═════ DATA TO EXAMINE

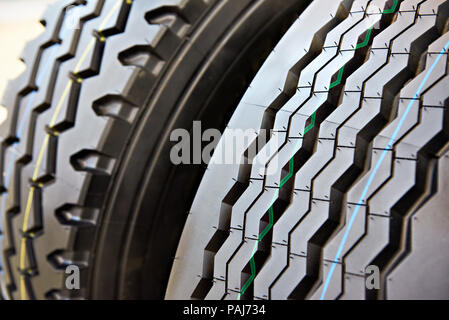 Reifenprofil auf einer Schubkarre Reifen Lkw im Store Stockfoto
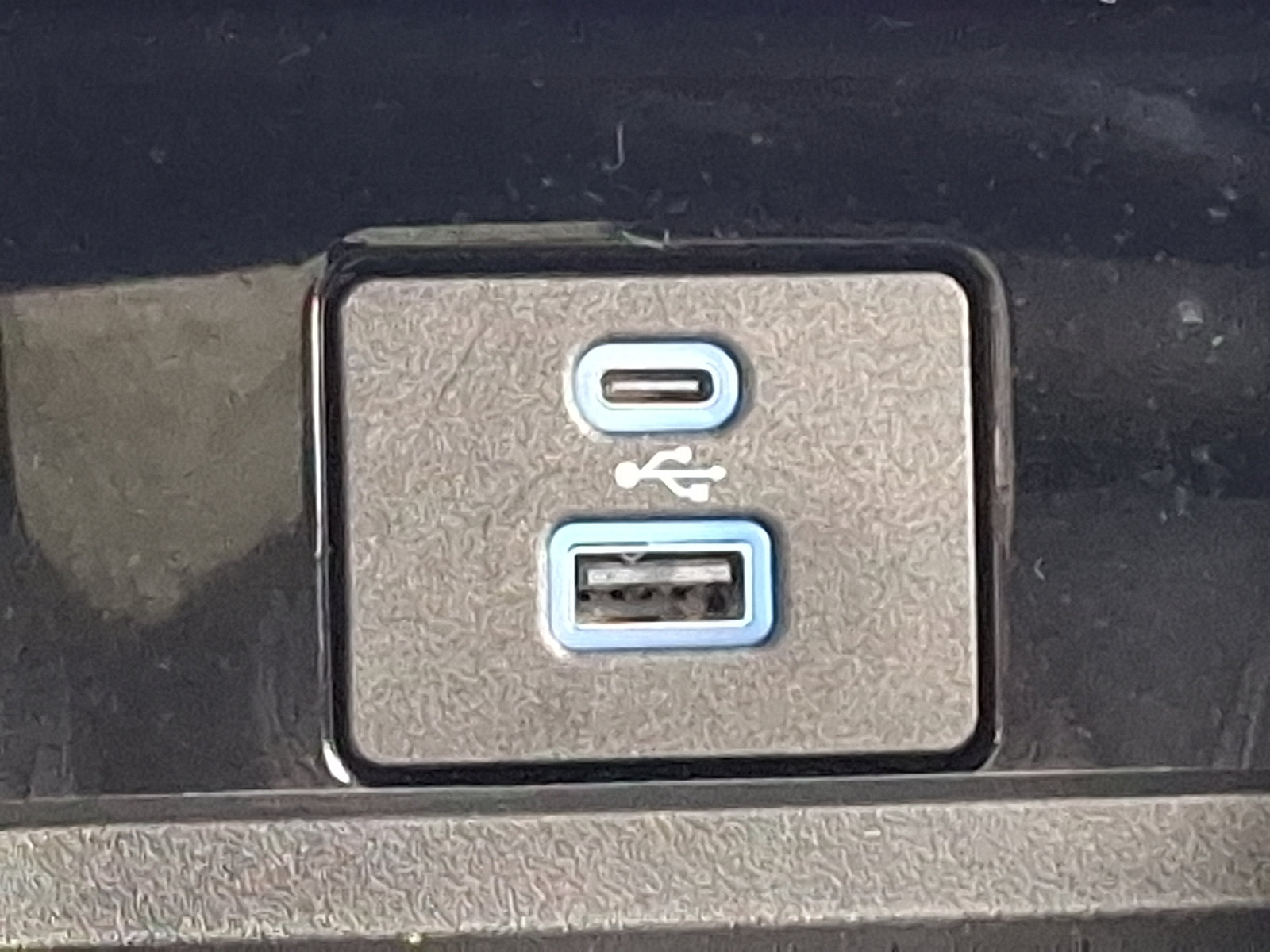 Certified 2024 Ford Mustang Mach-E Premium AWD/4WD image 22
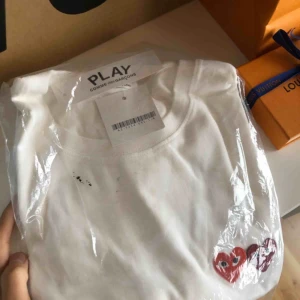  - Oanvänd CDG Play Tshirt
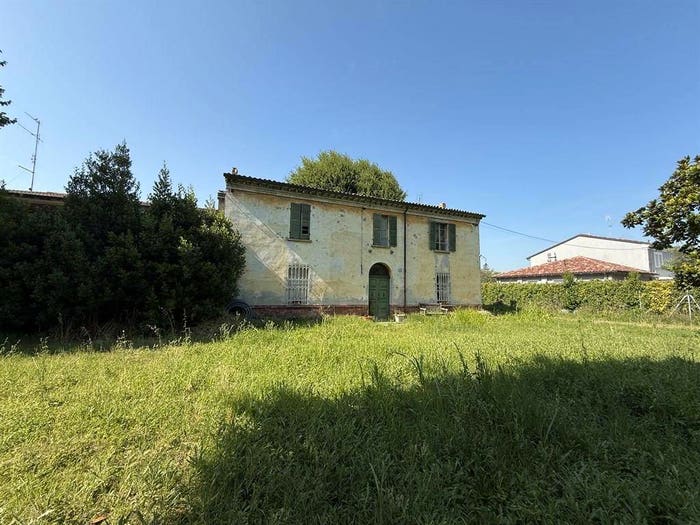 Casa con 6 locali in vendita in Roncalceci Longana, Ravenna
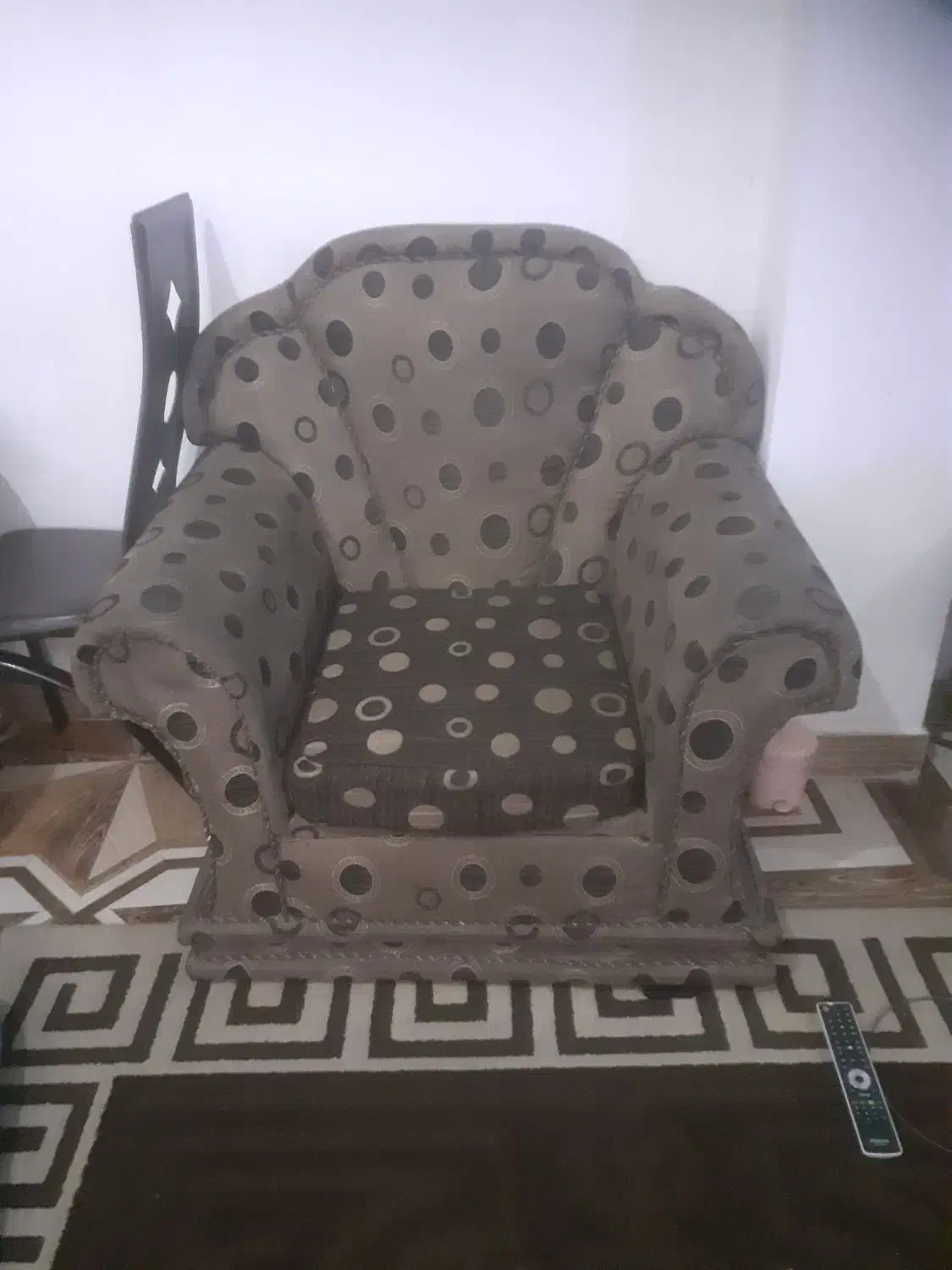 مبل ۷نفره|مبلمان خانگی و میز عسلی|رشت, آب آسیاب|دیوار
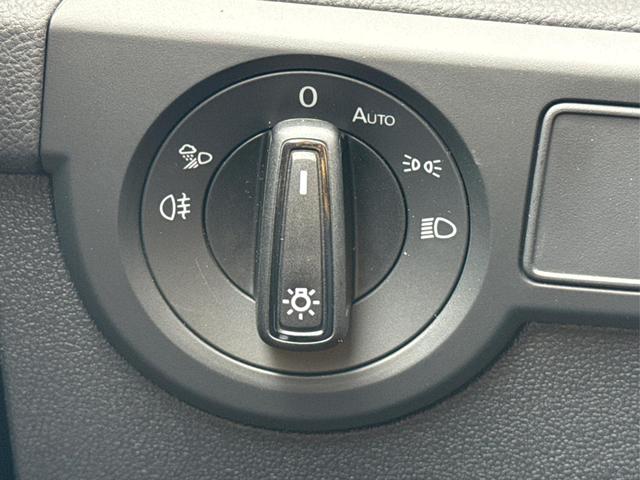 Volkswagen / T-Cross / / / / NAVI+IQ.LIGHT MATRIX+ACC+KAMERA+18'' ALU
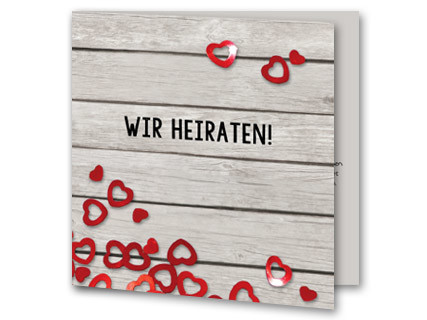 Hochzeitseinladung Herzchenkonfetti rot Holzbretter cre1616011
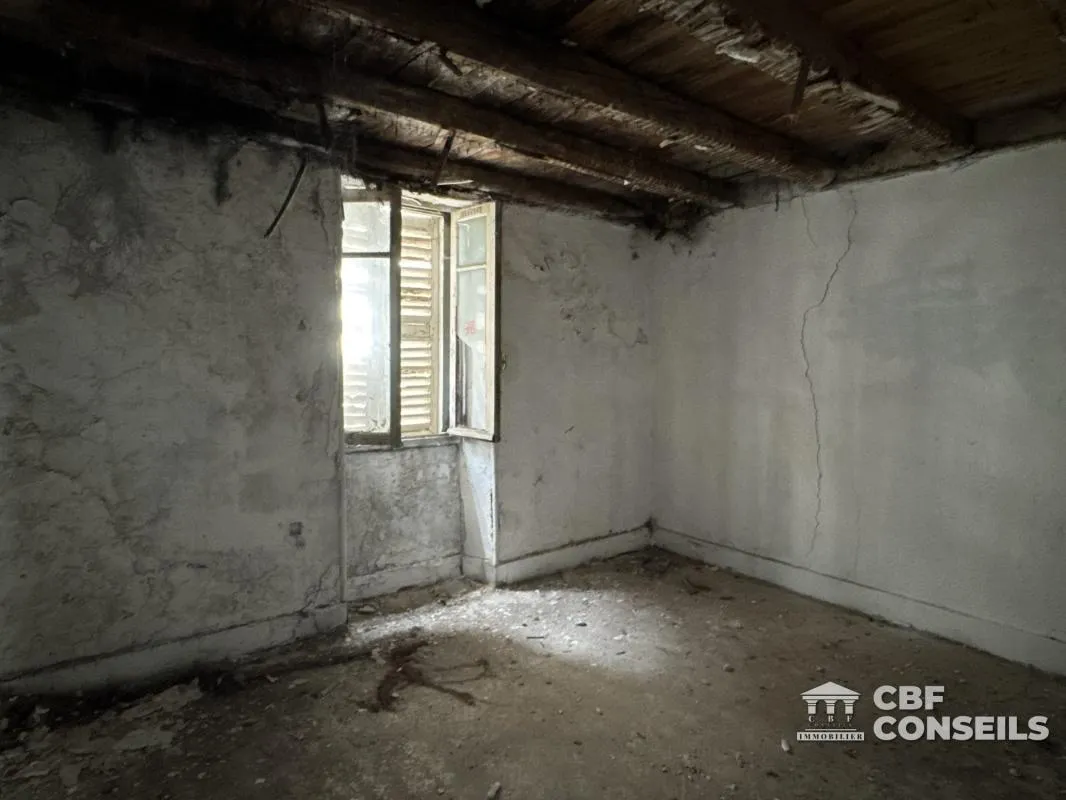 IMMEUBLE À RENOVÉ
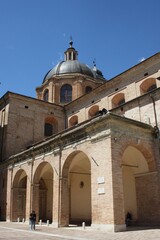 Fototapeta premium Lato della cattedrale di Urbino a piazza Duca Federico, Italia.
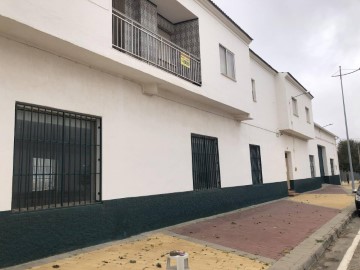 House 4 Bedrooms in Las Pedroñeras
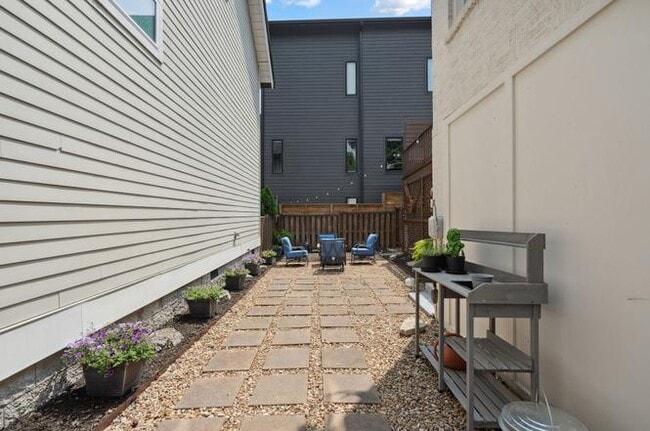 Building Photo - 828 Kirkwood Ave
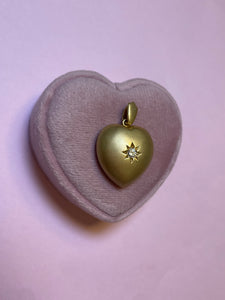 Satin Puffy Heart Starset Diamond Pendant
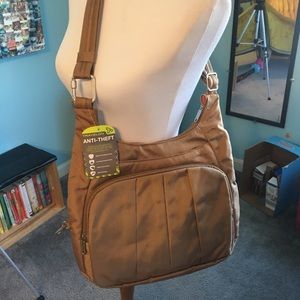 Never used travel bag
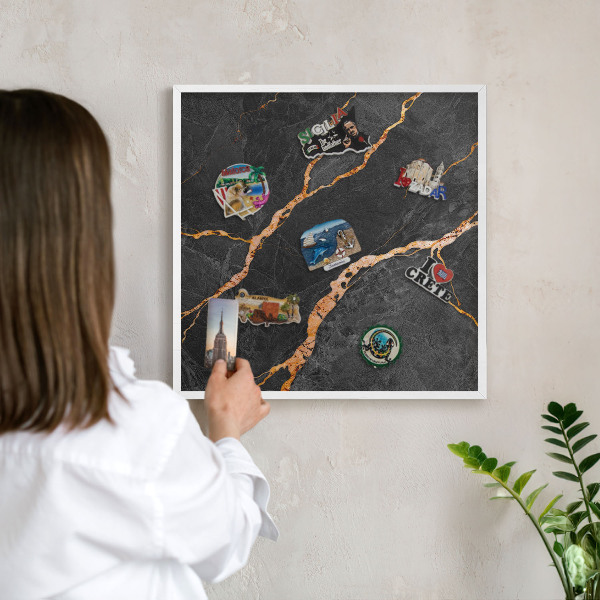 Wand-Magnettafel für Reisesouvenirs mit weißem Rahmen Marmorbänder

══════════

Beginning with the line that contains "Fototapeta premium Lato" and ending with the last line of the data, transcribe each line exactly; pictures stay out.

 Fototapeta premium Lato della cattedrale di Urbino a piazza Duca Federico, Italia.
 House 4 Bedrooms in Las Pedroñeras
 Building Photo - 828 Kirkwood Ave
 Satin Puffy Heart Starset Diamond Pendant
 Never used travel bag
 Wand-Magnettafel für Reisesouvenirs mit weißem Rahmen Marmorbänder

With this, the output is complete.